Imported beef followed a similar pattern with a peak of 91,000 tonnes in 2010, a minimum of 34,000 tonnes in 2012 and increased to 46,000 tonnes in 2013 (and 53,000 from Australia alone in 2015). Virtually all beef imports are from Australia and New Zealand in frozen form. The average value of imported frozen beef in 2013 was US$4.5/kg, and US$6.9 for chilled beef.

Imports of offal increased at a slower rate than beef and cattle imports in the 2000s, but were less effected by trade restrictions and increased at a rapid rate from 2011. The value also increased from US$US 2.3/kg in 2011 to US$3/kg in 2013. The vast majority of offal has come from Australia and New Zealand, but the US became a significant supplier in 2010-11.

There is an informal cattle and beef trading sector in Indonesia but it does not appear to be as large as that in China and the Mekong. It is widely known that Indonesia imports significant amounts of carabeef from India. Because of India’s FMD status, carabeef is mislabelled (as beef and without specifying country of origin) and shipped through Singapore, Malaysia or other entrepot ports. Restricted quotas and high prices have increased scope for corruption by politicians and administrators including in allocation of quota to importers and mislabelling (e.g. of fish for Australian beef).

The incentives for smuggling change with a number of variables including:

  • The scarcity of quota allocation and permits (not tariffs as these are already low)
  • Relatedly, the price of beef in Indonesia relative to other export destinations
  • And trade policy from particular countries especially based on diseases status. E.g. informal imports of carabeef from Indonesia may reduce if the trade is formalised through FMD-free zones.

Like China, Indonesia has discussed measures to allow the import of beef and carabeef from India and Brasil.

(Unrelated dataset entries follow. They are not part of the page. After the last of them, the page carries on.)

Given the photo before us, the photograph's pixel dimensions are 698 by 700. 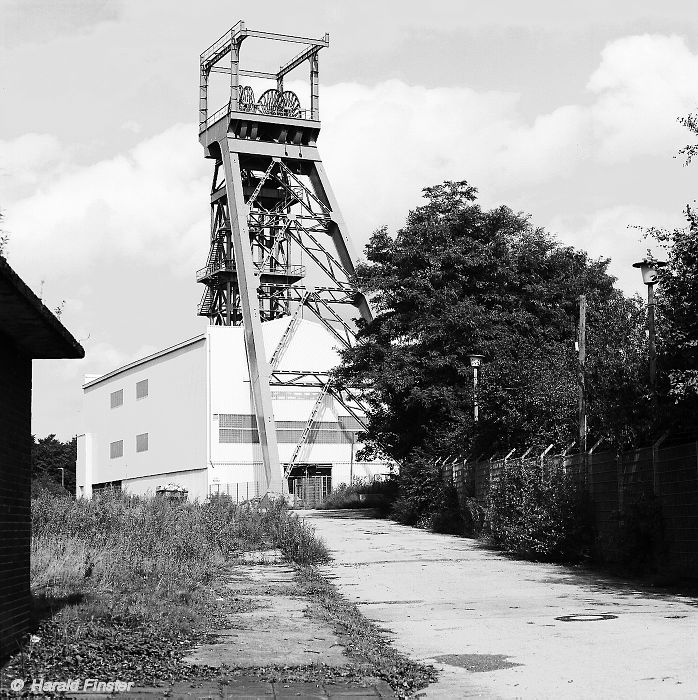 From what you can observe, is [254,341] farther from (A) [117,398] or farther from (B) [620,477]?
(B) [620,477]

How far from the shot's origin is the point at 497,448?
3186 centimetres

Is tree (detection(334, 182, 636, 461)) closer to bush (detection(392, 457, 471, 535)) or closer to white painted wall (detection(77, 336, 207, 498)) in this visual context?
bush (detection(392, 457, 471, 535))

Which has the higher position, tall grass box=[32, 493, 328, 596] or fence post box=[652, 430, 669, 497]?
fence post box=[652, 430, 669, 497]

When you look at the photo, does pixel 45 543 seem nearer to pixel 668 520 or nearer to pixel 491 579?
pixel 491 579

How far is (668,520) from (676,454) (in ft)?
4.31

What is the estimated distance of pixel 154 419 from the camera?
71312 mm

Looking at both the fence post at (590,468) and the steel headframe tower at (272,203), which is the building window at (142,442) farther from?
the fence post at (590,468)

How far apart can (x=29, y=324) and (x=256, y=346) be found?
175ft

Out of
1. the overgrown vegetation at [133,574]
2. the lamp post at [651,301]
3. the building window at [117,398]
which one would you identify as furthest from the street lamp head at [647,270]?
the building window at [117,398]

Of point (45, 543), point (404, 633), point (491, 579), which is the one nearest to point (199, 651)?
point (404, 633)

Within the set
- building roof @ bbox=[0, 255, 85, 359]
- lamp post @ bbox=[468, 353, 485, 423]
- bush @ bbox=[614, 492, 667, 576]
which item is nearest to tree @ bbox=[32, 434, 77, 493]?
lamp post @ bbox=[468, 353, 485, 423]

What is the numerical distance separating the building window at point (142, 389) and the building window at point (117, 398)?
3.34 metres

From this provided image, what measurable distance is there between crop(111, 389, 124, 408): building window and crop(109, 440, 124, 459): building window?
106 inches

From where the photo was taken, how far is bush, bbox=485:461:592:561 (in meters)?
22.4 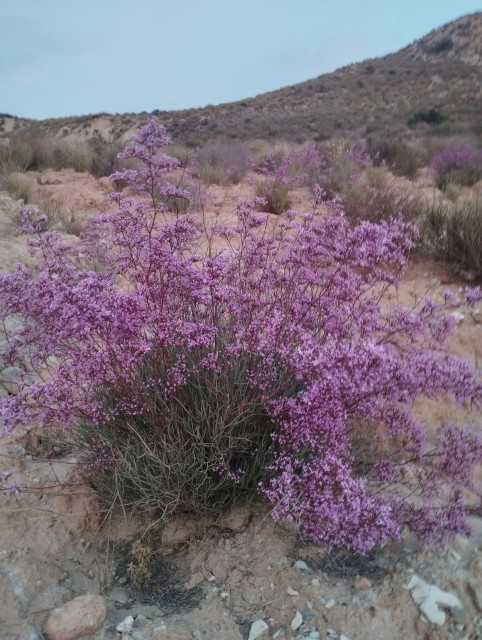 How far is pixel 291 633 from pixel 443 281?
16.6ft

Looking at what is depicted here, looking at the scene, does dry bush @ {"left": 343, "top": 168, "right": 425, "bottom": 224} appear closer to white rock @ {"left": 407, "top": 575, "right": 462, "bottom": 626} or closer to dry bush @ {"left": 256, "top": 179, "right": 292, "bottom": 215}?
dry bush @ {"left": 256, "top": 179, "right": 292, "bottom": 215}

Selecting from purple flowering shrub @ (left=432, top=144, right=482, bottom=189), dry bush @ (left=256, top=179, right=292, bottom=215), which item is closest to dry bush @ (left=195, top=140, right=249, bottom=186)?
dry bush @ (left=256, top=179, right=292, bottom=215)

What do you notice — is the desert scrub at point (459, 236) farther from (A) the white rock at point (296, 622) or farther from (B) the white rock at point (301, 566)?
(A) the white rock at point (296, 622)

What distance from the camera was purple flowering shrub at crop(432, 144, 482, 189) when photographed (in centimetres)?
1222

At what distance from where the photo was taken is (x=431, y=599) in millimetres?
2250

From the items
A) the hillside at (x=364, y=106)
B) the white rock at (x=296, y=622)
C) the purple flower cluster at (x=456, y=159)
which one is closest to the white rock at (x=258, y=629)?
the white rock at (x=296, y=622)

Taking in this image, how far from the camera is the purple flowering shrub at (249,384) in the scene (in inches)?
90.5

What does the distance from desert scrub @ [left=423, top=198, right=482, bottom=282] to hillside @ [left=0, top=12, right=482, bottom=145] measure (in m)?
15.5

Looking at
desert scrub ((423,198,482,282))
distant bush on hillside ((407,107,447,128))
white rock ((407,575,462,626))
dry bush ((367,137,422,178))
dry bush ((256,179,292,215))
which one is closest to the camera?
white rock ((407,575,462,626))

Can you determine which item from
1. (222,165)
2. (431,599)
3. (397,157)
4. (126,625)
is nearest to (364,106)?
(397,157)

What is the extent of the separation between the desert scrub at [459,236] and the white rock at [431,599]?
460 centimetres

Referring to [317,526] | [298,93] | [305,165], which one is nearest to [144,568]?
[317,526]

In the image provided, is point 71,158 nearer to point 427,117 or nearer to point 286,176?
point 286,176

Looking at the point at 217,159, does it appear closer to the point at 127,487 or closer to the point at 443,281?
the point at 443,281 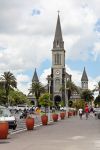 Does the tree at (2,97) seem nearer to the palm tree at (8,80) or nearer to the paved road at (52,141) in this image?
the palm tree at (8,80)

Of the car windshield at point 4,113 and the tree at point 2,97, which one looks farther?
the tree at point 2,97

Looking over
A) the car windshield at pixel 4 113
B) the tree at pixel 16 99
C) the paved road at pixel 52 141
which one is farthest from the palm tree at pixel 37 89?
the paved road at pixel 52 141

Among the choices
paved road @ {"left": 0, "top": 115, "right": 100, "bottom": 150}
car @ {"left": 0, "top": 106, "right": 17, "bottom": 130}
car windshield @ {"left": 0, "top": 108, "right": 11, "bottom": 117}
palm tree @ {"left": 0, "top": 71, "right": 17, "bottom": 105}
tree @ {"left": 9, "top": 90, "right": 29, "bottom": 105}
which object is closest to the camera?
paved road @ {"left": 0, "top": 115, "right": 100, "bottom": 150}

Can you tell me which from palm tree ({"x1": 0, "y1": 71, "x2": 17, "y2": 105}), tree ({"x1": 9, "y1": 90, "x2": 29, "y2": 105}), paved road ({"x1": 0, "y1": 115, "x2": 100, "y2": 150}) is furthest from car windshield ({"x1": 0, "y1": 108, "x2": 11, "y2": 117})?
tree ({"x1": 9, "y1": 90, "x2": 29, "y2": 105})

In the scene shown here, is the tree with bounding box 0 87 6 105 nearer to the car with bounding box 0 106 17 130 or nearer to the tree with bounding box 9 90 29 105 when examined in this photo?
the tree with bounding box 9 90 29 105

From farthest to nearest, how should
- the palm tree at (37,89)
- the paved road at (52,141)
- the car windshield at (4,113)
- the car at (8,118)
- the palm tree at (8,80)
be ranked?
the palm tree at (37,89) → the palm tree at (8,80) → the car windshield at (4,113) → the car at (8,118) → the paved road at (52,141)

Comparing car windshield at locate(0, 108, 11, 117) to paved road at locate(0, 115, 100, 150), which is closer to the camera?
paved road at locate(0, 115, 100, 150)

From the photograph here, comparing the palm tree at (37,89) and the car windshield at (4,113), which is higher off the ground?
the palm tree at (37,89)

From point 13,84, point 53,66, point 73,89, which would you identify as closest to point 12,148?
point 13,84

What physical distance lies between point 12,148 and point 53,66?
18058 centimetres

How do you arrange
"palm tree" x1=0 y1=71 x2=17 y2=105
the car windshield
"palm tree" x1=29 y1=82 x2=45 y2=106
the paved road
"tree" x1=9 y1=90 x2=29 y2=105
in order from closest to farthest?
the paved road < the car windshield < "palm tree" x1=0 y1=71 x2=17 y2=105 < "tree" x1=9 y1=90 x2=29 y2=105 < "palm tree" x1=29 y1=82 x2=45 y2=106

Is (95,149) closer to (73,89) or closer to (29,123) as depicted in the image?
(29,123)

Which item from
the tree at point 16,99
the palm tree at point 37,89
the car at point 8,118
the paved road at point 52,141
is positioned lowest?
the paved road at point 52,141

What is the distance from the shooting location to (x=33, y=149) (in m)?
18.5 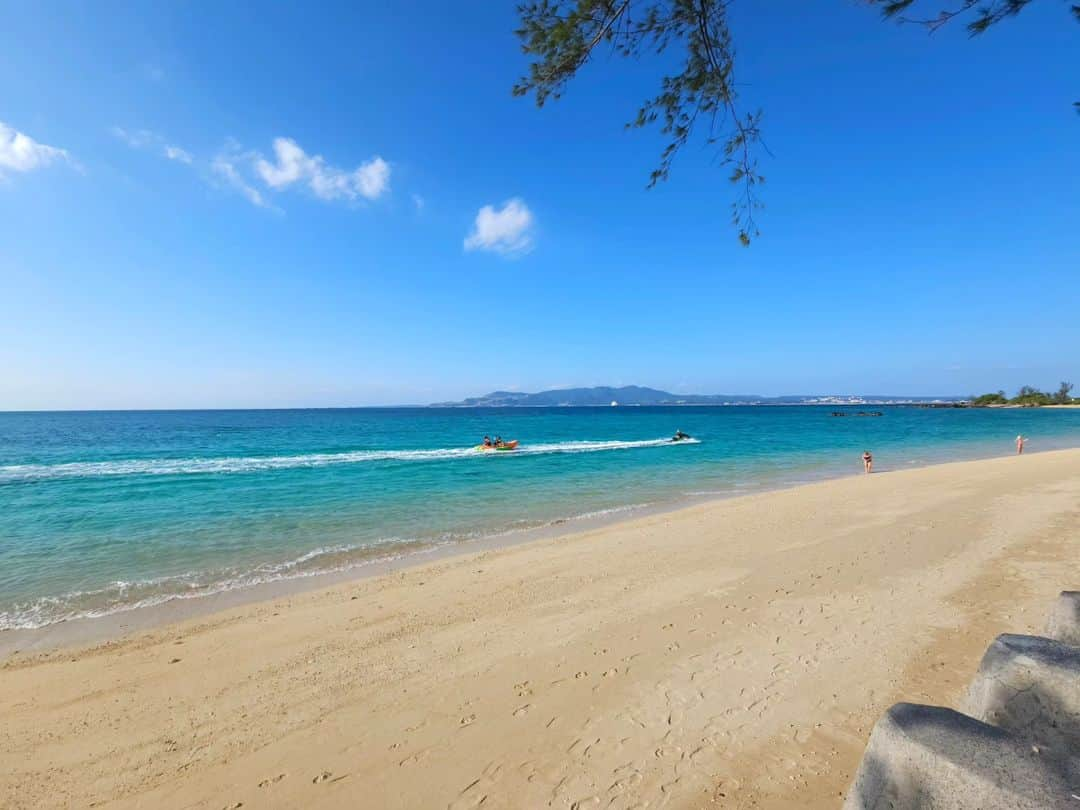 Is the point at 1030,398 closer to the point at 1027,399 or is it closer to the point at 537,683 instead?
the point at 1027,399

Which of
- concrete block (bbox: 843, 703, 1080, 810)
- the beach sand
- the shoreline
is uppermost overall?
concrete block (bbox: 843, 703, 1080, 810)

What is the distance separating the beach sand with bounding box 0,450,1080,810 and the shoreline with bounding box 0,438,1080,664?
0.38 metres

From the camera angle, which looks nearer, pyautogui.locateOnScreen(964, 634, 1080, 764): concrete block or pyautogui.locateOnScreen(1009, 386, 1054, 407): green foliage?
pyautogui.locateOnScreen(964, 634, 1080, 764): concrete block

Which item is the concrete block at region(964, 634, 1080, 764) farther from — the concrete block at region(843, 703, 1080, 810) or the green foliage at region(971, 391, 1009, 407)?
the green foliage at region(971, 391, 1009, 407)

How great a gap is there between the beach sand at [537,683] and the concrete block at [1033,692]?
1.49 metres

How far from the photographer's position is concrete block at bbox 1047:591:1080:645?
8.94 ft

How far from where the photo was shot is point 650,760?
361 cm

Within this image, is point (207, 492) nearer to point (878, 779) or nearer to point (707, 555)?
point (707, 555)

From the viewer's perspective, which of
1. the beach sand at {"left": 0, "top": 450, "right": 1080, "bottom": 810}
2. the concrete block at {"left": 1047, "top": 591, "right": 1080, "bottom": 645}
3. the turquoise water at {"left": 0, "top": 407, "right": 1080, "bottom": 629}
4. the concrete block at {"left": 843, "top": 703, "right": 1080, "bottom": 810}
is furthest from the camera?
the turquoise water at {"left": 0, "top": 407, "right": 1080, "bottom": 629}

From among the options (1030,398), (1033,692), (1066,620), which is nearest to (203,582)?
(1033,692)

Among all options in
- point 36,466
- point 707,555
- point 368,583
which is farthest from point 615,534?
point 36,466

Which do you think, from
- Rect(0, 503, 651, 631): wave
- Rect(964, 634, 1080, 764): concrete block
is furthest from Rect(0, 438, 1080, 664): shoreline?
Rect(964, 634, 1080, 764): concrete block

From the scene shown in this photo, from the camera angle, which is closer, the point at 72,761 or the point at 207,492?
the point at 72,761

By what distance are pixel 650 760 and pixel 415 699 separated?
225 centimetres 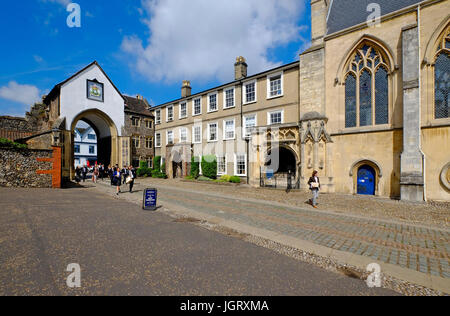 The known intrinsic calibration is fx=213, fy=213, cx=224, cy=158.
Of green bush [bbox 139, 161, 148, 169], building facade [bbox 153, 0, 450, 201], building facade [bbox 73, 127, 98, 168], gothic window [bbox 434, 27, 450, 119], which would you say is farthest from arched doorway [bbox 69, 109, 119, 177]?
gothic window [bbox 434, 27, 450, 119]

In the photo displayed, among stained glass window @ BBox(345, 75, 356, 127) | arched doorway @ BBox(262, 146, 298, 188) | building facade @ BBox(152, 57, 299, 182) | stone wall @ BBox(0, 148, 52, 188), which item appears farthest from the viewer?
building facade @ BBox(152, 57, 299, 182)

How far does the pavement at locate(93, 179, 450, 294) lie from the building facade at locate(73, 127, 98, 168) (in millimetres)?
53538

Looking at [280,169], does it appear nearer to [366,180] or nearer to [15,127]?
[366,180]

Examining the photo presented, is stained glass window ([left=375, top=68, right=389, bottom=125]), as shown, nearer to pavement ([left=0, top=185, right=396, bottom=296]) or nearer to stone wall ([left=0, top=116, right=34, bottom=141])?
pavement ([left=0, top=185, right=396, bottom=296])

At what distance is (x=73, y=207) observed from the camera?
925 centimetres

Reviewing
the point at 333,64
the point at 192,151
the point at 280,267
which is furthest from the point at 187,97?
the point at 280,267

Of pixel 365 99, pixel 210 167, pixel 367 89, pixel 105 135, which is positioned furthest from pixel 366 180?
pixel 105 135

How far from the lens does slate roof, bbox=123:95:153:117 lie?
32.4 metres

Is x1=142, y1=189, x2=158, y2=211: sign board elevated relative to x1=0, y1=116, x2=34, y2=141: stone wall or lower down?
lower down

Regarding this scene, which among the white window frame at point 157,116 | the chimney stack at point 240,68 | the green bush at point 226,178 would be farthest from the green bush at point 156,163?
the chimney stack at point 240,68

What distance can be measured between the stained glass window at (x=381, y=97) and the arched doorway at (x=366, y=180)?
3379 mm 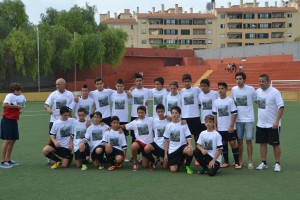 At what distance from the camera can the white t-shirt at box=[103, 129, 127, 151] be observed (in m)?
7.62

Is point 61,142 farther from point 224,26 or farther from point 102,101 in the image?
point 224,26

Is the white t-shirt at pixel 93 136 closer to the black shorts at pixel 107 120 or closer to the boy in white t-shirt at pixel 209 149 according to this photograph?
the black shorts at pixel 107 120

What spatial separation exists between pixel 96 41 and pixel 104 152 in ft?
97.0

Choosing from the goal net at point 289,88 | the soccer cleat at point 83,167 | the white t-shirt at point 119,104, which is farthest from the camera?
the goal net at point 289,88

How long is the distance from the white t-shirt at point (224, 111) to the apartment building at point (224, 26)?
7280cm

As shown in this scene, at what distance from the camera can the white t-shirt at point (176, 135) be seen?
729 cm

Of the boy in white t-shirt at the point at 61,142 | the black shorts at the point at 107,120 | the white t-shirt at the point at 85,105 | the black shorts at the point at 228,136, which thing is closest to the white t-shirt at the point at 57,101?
the white t-shirt at the point at 85,105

There are also informal border trade flows for live cattle. About 5,000 head are traded from Timor Leste to West Timor which is banned largely because of the lack of capacity to meet the demands of an international protocol (see the Timor Leste report). Cattle from as far as West Timor and throughout Indonesia are increasing sent to Kalimantan – for example tens of thousands from NTT and about 13,000 from NTB in 2012. Significant volumes of cattle and beef are said to be traded over the border into Sarawak / Malaysia, where beef prices rose sharply especially in 2014.